Quem pensa assim, garante, arranja problemas. E muitos. Porque o que se diz no passado agora tem mais peso “e deixa de ter graça”. Ainda recentemente aconteceu no Reino Unido. Terry Gilliam diz que é tudo obra de um “sentido de humor que está mais restrito” e não se consegue transformar em soldado nesta guerra cultural. “São os neo calvinistas. Os ativistas sentem que são os únicos que estão certos, toda a gente tem de concordar ou morrer. Esse é o meu problema com as revoluções.

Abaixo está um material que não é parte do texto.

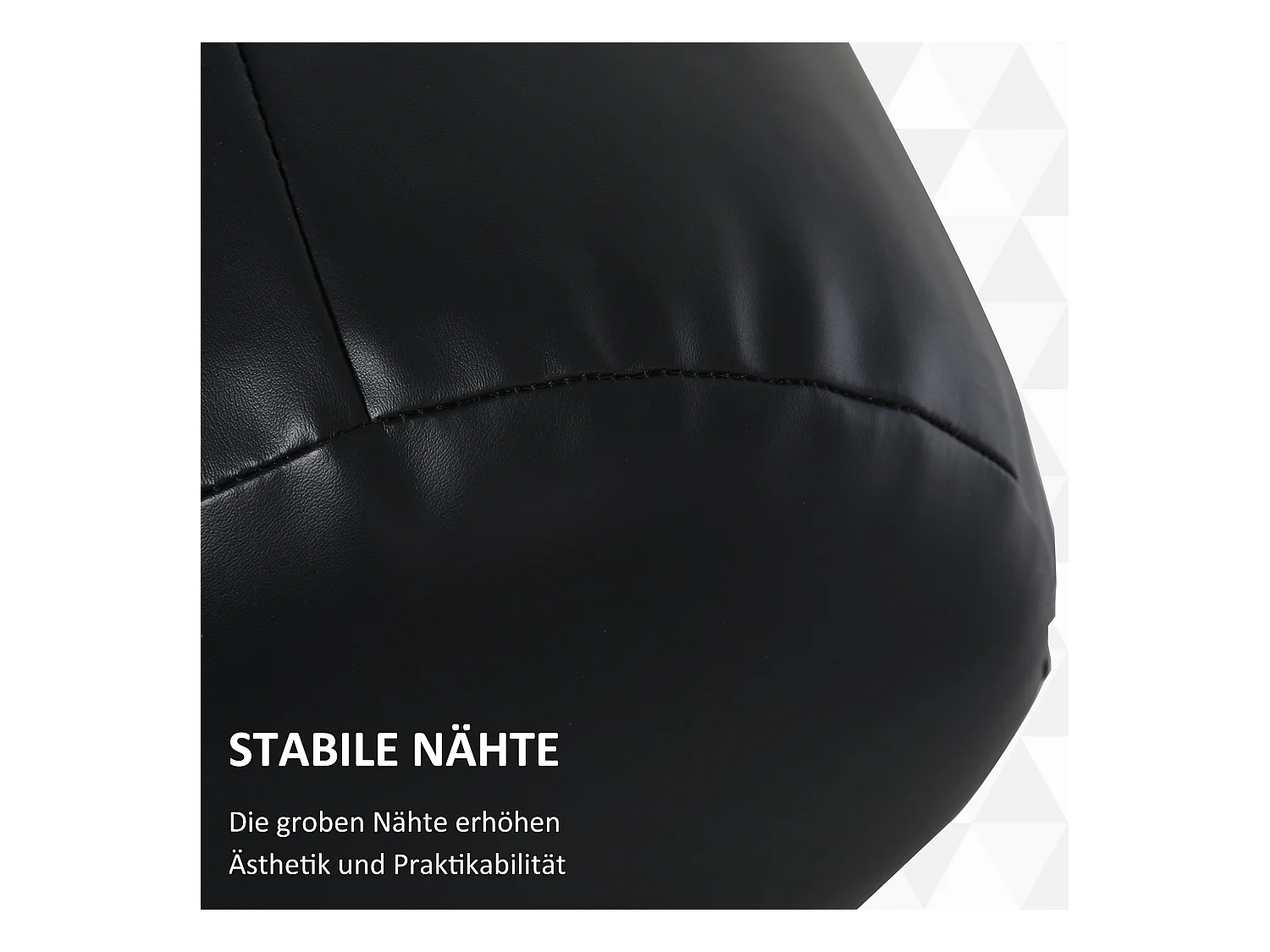 Sac de frappe avec gants, rempli, pour adultes et adolescents, PVC, noir-rouge, Ø30x120 cm (16 kg)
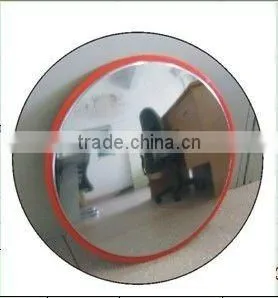Outdoor Convex Mirror in Coner Avoiding Accident thumbnail-1
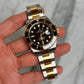 Rolex 2022 126613LN Black Preowned Complete 14182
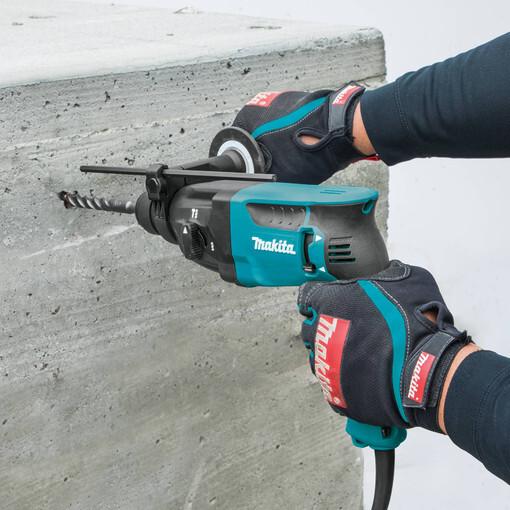 Перфоратор Makita HR1840 с SDS plus, 470 W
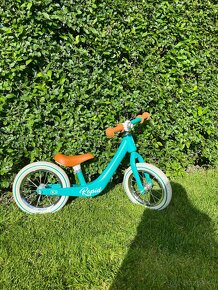Detske odrazadlo Kinderkraft / balancny bicykel - 2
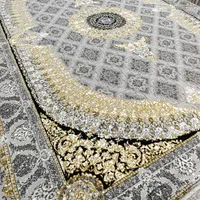 فرش نگین|فرش|اصفهان, ارزنان|دیوار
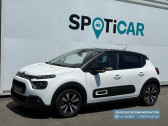 Citroen C3 occasion année 2024 boite Manuelle Annonce Citroen C3 occasion Essence C3 PureTech 83 ch BVM5 Max 5p à Lescar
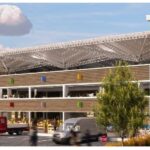 Ruto shares video of proposed Gikomba market after demolitions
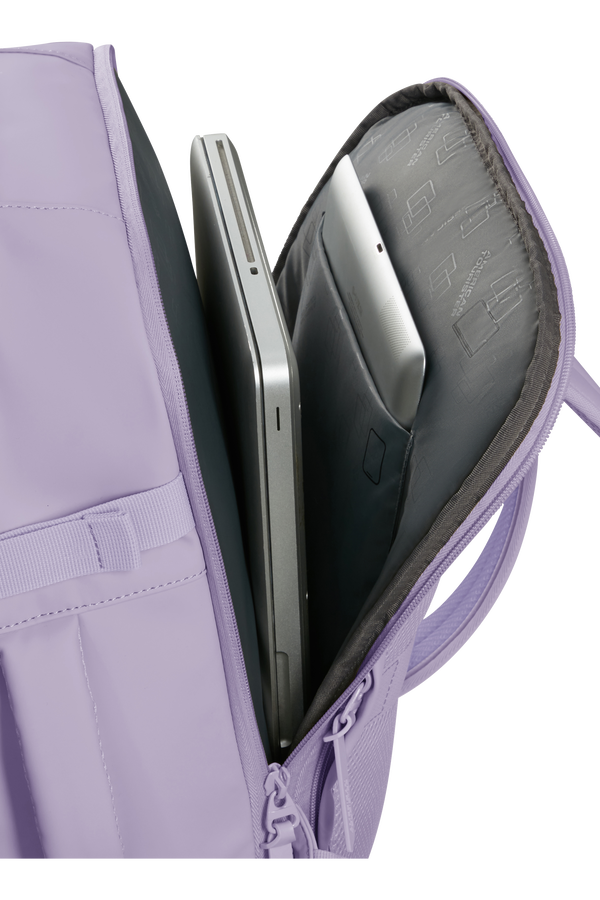 American Tourister Take2cabin Casual Backpack MONO S/M  Lavande
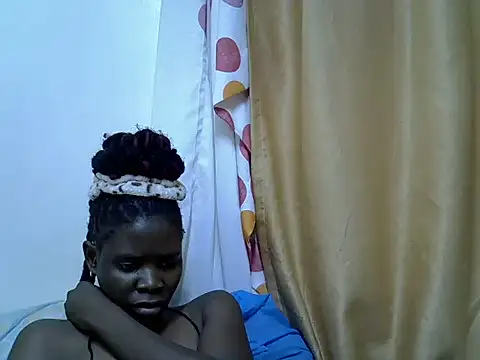 Grace 254 online show from 07.17.26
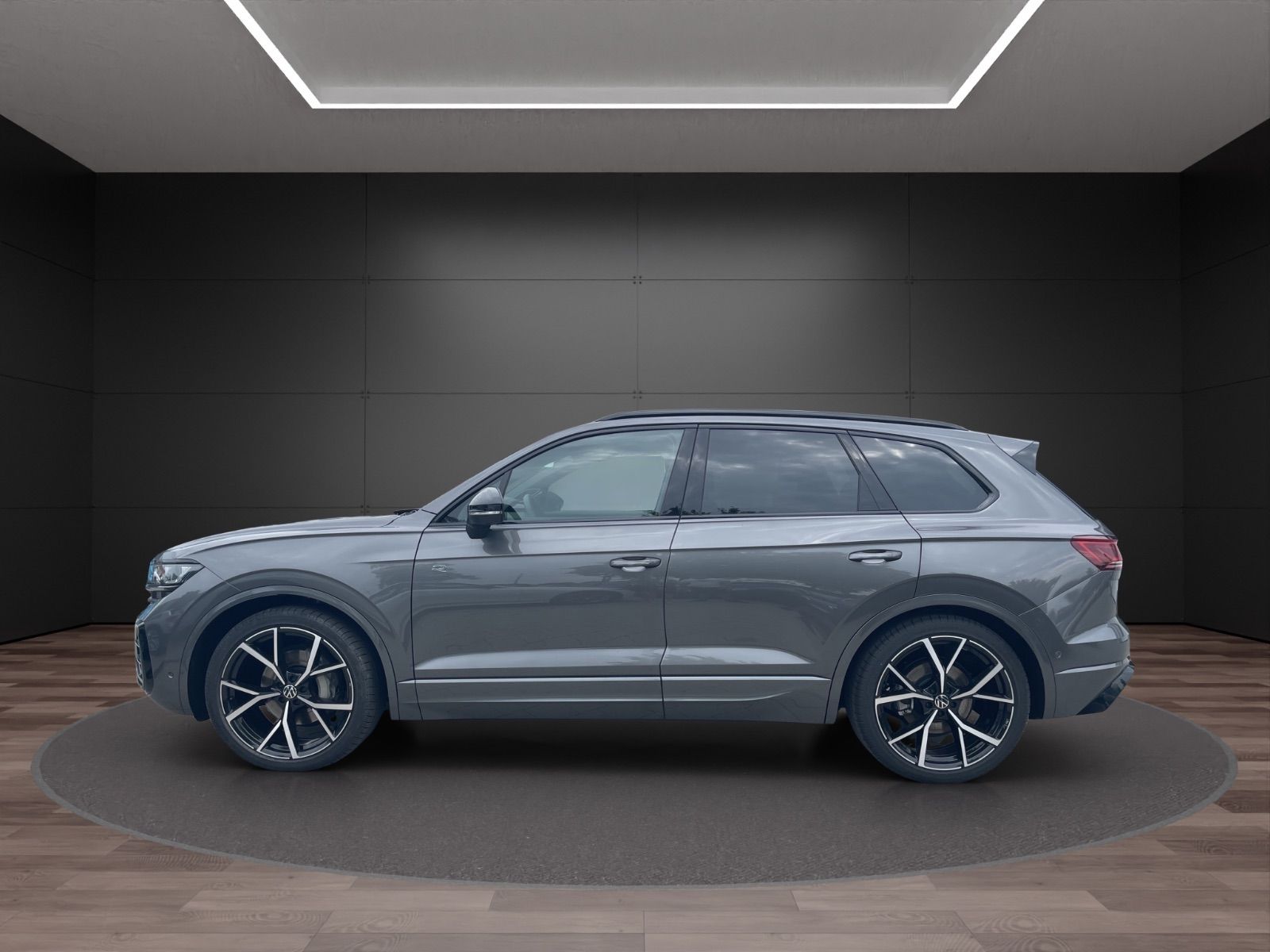 Volkswagen Touareg 3.0 TDI 4-Mot R-Line Final Edition*VOLL*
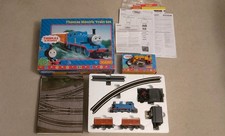 Hornby Thomas The Tank Engine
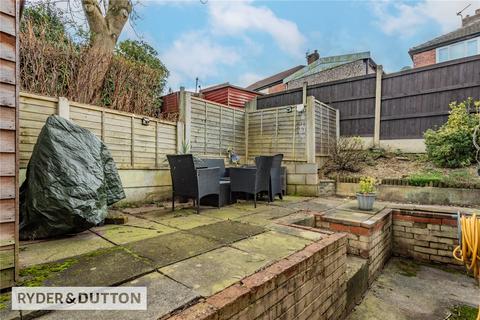 2 bedroom semi-detached house for sale, Caldecott Road, Blackley, Manchester, M9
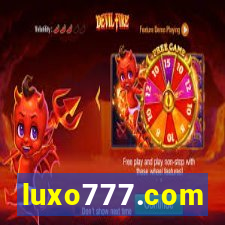 luxo777.com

São sempre interessantes, mas quando acontece, os criativos envolvem-se e são os primeiros a morrer. Só gosto de revoluções com sentido de humor”.

Mas nesta conversa, nem tudo foi polémico. Com tamanha bagagem, seria redutor só se falar do mundo. Uma piada falhada, vamos em frente. O autor de “12 Macacos” ou de “Delírio em Las Vegas” (um filme tão importante que chegou a ser mostrado em aulas de Filosofia em Portugal, garantia de quem escreve) gosta de filmar o que “o deixa obcecado”. Não há um método fechado para as suas personagens loucas. E não é só ser contracorrente que faz com que o sangue continue a ferver-lhe nas veias. Atrás das câmaras é onde quer continuar a estar. Durante muito tempo não escreveu, só agora é que o voltou a fazer. É fascinado com animação, mas não trocava a humanidade dos seus atores que fazem com que os filmes ganhem uma nova vida.

Nas várias entrevistas que deu por cá, declarou-se fascinado por Portugal. Andou a filmar em Tomar - e teve um problema grave e judicial com o produtor Paulo Branco entretanto. Mais um, da maldição não se livra. Mas o melhor, foi mesmo ter sido mais barato filmar na cauda da Europa. E continuar a deixar as ideias lhe entrem na cabeça. “Isso deixa-me excitado, fico a achar que percebo melhor o mundo. Mas depois acabo de rodar e chego à conclusão de que estou errado”, termina. E ri-se. Muito. Agora sim, novamente o piano, teclado por Terry Gilliam, criança adulta que não quer crescer. É que o absurdo tem de continuar a procissão.